Once example of a study conducted in relation to the perception of time was held in 2005 at the Ludwig Maximilian University of Munich. Psychologists Marc Wittmann and Sara Lenhoff surveyed a sample of 499 participants, aged between 14 and 94. They were asked about how fast they felt time was moving, and had the option to select different answers ranging from “very slowly”, to “very fast”.
The psychologists conducting the study concluded that the perception of short periods of time, namely days, weeks or months, did not change with age. In fact, the general perception for these time periods was that the clocked ticked by quickly.
In contrast, when participants were asked about longer periods of time, such as a decade, a pattern began to emerge. Older people had a much greater tendency to perceive such time periods as moving faster.
The study’s participants aged 40 or older felt that time elapsed slowly in their childhood, but accelerated steadily from when they were in their teens into early adulthood.
The main reason for this is that a human being can estimate the length of an event from two distinct vantage points, prospective and retrospective. As their names suggest, the former occurs when an event is still ongoing, and the latter occurs when an event has ended.
A secondary reason for the perception of accelerated time is that our experience of time simply varies from one experience to the other. This means that there really is truth in the saying “time flies when you’re having fun”. The funny thing is that when we’re in such special moments, they seem to end quickly, however our perception of them when we look back at them makes it seem as if they were much longer than they really were.
It’s believed that the reason for the aforementioned is how the brain encodes new experiences.
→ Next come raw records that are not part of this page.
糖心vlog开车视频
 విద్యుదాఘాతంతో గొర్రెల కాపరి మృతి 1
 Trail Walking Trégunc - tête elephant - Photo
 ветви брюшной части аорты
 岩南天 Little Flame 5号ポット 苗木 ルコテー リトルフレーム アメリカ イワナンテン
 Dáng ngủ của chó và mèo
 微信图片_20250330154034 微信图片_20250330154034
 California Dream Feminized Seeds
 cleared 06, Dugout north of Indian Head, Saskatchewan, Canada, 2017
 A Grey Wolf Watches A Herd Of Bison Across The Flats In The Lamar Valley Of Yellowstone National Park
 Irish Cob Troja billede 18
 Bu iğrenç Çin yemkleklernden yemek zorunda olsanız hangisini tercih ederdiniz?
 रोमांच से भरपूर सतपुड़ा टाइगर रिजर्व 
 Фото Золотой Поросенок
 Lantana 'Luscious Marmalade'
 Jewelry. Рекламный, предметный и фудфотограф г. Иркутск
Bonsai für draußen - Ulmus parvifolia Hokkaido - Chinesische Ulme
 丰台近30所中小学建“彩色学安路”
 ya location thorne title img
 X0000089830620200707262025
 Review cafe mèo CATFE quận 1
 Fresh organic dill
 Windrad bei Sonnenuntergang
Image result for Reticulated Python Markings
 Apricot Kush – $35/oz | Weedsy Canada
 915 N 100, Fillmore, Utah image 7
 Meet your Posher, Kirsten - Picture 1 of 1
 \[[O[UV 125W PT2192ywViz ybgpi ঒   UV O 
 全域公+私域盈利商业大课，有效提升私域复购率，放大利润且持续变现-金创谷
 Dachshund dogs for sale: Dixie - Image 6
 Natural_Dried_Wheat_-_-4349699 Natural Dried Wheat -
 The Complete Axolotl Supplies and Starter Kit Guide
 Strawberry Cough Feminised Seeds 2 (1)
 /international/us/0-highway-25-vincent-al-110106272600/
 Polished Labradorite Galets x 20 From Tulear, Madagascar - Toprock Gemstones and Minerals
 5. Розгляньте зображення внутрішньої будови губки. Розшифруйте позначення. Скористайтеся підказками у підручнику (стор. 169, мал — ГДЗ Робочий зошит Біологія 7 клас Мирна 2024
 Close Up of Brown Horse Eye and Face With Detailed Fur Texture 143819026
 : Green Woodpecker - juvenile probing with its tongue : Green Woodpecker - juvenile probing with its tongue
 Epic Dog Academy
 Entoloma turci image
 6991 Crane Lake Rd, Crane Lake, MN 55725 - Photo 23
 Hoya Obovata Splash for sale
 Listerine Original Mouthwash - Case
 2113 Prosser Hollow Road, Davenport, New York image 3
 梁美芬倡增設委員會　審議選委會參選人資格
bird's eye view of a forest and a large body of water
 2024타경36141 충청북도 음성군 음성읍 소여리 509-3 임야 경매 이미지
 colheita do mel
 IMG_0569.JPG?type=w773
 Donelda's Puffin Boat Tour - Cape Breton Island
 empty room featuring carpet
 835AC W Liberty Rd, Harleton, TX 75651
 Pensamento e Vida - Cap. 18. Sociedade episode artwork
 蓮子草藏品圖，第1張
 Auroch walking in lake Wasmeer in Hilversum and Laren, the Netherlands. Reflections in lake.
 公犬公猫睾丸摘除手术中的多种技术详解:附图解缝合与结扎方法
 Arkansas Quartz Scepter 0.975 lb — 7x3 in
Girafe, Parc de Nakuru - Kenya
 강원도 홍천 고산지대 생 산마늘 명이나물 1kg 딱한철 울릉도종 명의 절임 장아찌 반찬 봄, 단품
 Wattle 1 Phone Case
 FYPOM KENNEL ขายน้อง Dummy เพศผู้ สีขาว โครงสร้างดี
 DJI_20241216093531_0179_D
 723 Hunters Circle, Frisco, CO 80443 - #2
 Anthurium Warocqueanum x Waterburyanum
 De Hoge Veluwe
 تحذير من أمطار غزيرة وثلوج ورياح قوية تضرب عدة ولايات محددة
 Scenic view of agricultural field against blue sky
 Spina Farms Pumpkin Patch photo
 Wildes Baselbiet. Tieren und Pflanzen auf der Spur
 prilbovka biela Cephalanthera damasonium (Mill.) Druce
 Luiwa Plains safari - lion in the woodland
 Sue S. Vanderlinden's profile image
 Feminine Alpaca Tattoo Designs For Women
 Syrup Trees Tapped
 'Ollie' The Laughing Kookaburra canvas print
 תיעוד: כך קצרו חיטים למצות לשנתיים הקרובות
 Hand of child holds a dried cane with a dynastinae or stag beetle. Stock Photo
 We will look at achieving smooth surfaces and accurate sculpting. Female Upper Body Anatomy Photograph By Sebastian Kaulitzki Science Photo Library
In other words, the more new memories we build on a weekend getaway, the longer the trip will seem in hindsight.
According to BBC columnist and psychologist Claudia Hammond, this is what’s known as the “holiday paradox”. From childhood through to early adulthood, we go through many new experiences and learn a whole myriad of new skills. As time goes by, our lives become more routine, thus we tend to experience less moments that are unfamiliar.
She contends that because we deal with so many new things in our early lives, this leads to over-representation of our early lives in our autobiographical memory. The inevitable result of this is that the time seems to have lasted longer.
All of these findings don’t mean that we are unable to slow time down in later life. In fact, we can do so by keeping our brains active, continually learning new skills and ideas, and exploring new places.